TO DO:
A word-for-word restatement of the whole listing is the expected answer.

GIVEN DATA:
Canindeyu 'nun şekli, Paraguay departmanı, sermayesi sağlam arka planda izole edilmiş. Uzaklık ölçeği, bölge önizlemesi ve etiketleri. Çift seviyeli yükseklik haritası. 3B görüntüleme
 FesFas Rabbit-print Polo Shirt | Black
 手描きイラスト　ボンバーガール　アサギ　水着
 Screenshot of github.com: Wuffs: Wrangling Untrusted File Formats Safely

ANSWER BOX:
Canindeyu 'nun şekli, Paraguay departmanı, sermayesi sağlam arka planda izole edilmiş. Uzaklık ölçeği, bölge önizlemesi ve etiketleri. Çift seviyeli yükseklik haritası. 3B görüntüleme
 FesFas Rabbit-print Polo Shirt | Black
 手描きイラスト　ボンバーガール　アサギ　水着
 Screenshot of github.com: Wuffs: Wrangling Untrusted File Formats Safely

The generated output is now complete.